Aim of the task ->
Write the line that contains "this 620×413 image." and each one after it, word for word, ending with the final line of the data.

Records excerpted from a collection
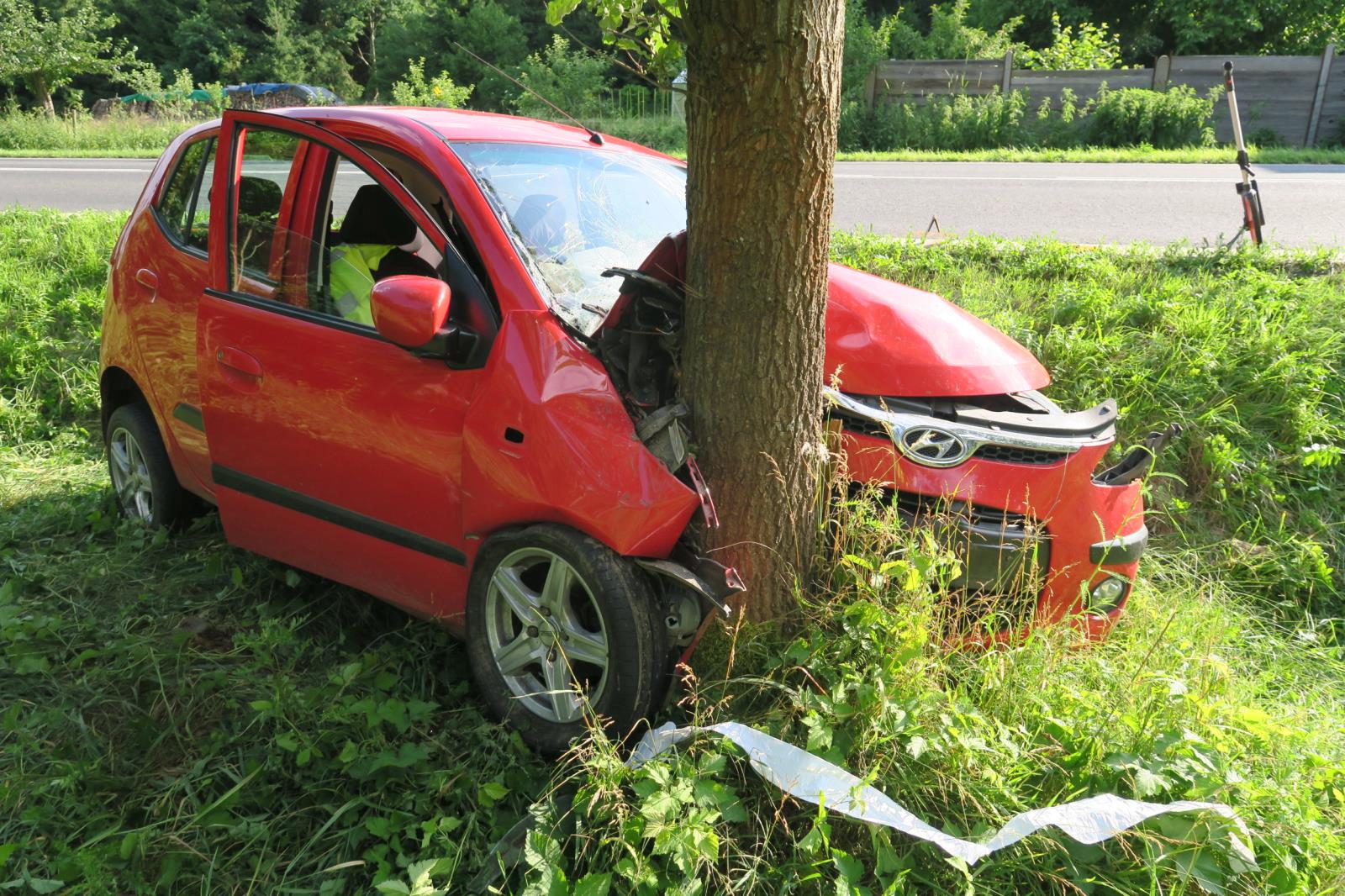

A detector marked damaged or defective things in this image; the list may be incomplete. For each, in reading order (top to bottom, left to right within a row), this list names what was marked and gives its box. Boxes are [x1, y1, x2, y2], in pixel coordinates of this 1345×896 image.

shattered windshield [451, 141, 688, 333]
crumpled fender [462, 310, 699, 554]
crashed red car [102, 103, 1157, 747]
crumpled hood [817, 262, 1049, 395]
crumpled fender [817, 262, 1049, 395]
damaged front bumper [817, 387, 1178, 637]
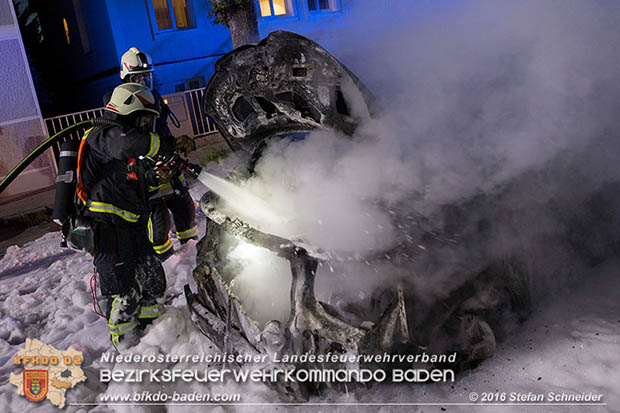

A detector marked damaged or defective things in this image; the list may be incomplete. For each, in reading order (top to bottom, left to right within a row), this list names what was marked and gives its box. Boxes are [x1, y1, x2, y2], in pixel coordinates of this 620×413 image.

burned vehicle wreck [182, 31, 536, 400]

Task result ->
A detector marked damaged or defective things in this image; the list may be incomplete. For each, in reading order (top to bottom, left to right within a row), this list names what was marked and gives its box. Boxes are [x1, y1, x2, y2], in pixel coordinates of this 620×413 image.

burned vehicle wreck [182, 31, 536, 400]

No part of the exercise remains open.